(Short web captions)
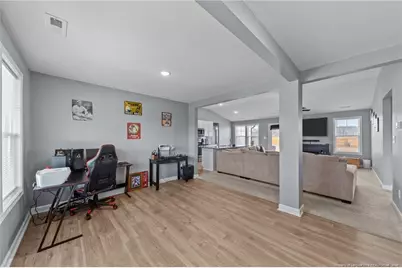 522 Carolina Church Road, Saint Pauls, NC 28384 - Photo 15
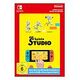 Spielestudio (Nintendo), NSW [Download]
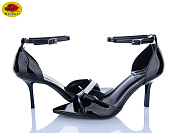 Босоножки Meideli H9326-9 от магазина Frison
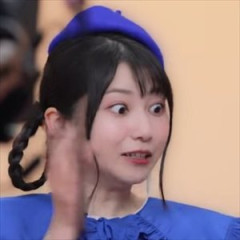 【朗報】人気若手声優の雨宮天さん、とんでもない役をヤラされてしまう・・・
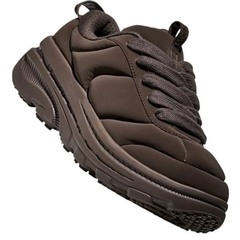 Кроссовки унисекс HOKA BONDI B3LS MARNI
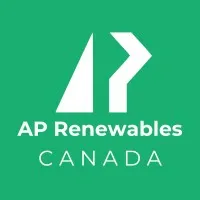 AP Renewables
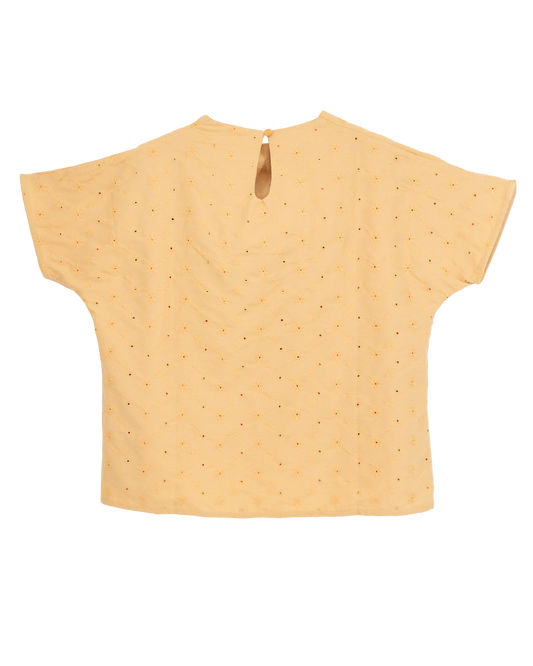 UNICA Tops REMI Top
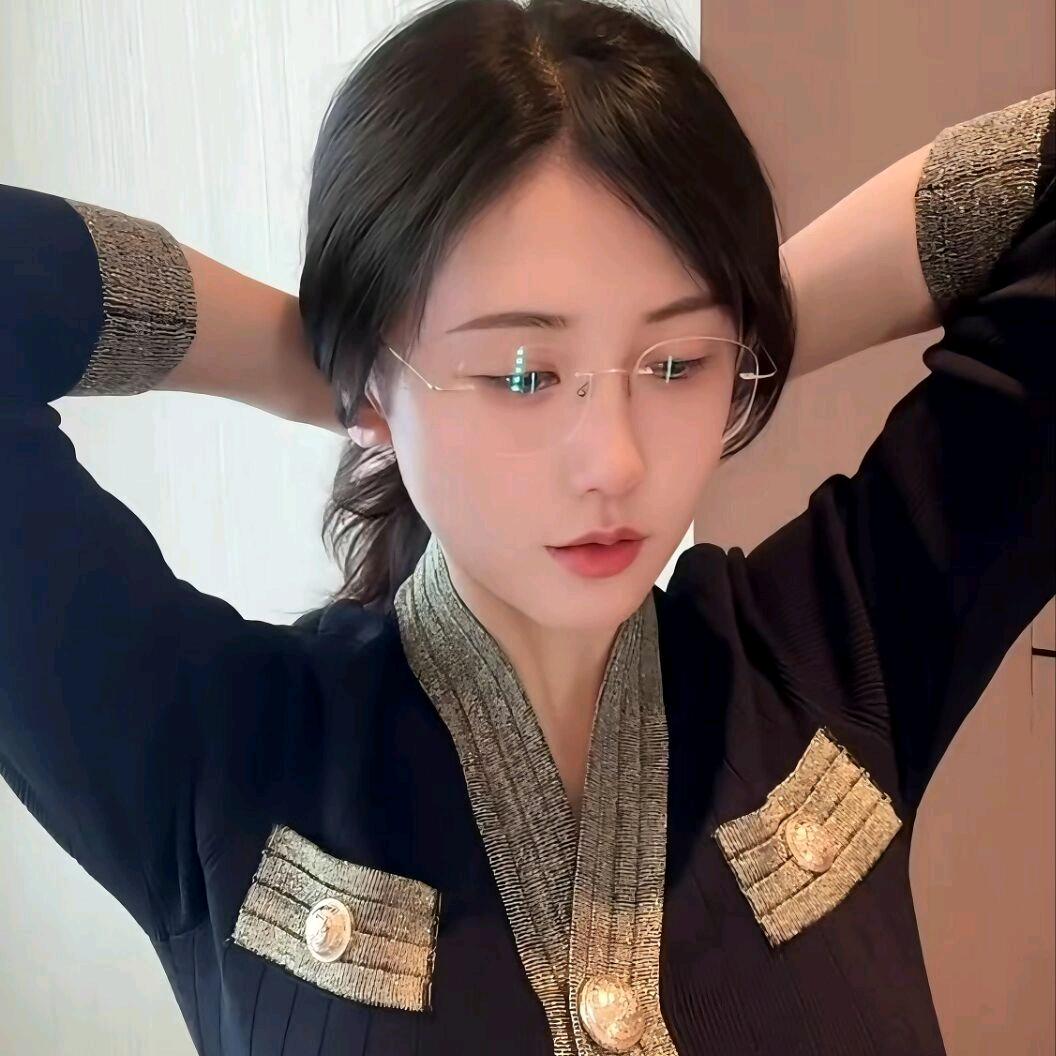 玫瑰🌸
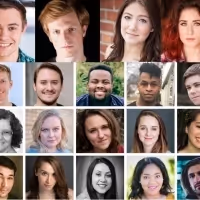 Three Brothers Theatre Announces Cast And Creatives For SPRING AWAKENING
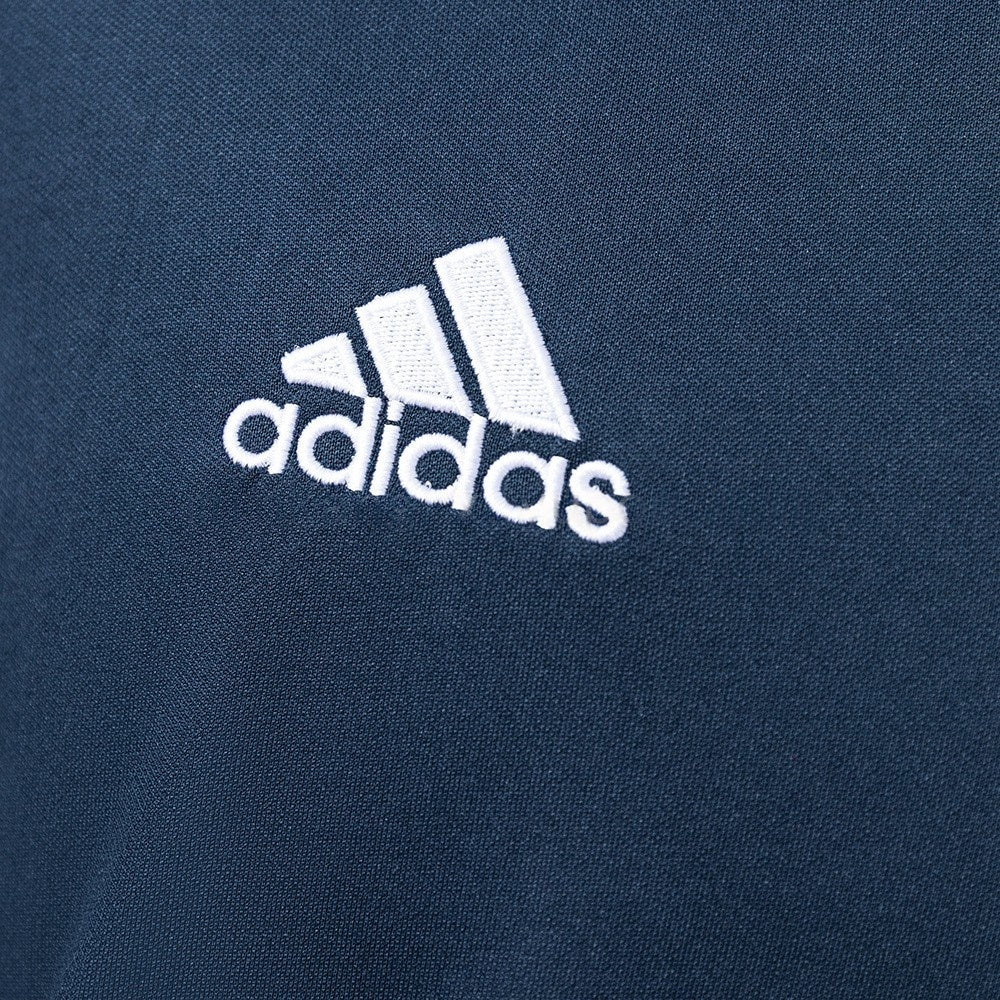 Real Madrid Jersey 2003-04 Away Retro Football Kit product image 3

> **WORK ORDER**
Return the entries verbatim without images.

> **FINISHED EXERCISE**
 522 Carolina Church Road, Saint Pauls, NC 28384 - Photo 15
 Spielestudio (Nintendo), NSW [Download]
 Босоножки Meideli H9326-9 от магазина Frison
 【朗報】人気若手声優の雨宮天さん、とんでもない役をヤラされてしまう・・・
 Кроссовки унисекс HOKA BONDI B3LS MARNI
 AP Renewables
 UNICA Tops REMI Top
 玫瑰🌸
 Three Brothers Theatre Announces Cast And Creatives For SPRING AWAKENING
 Real Madrid Jersey 2003-04 Away Retro Football Kit product image 3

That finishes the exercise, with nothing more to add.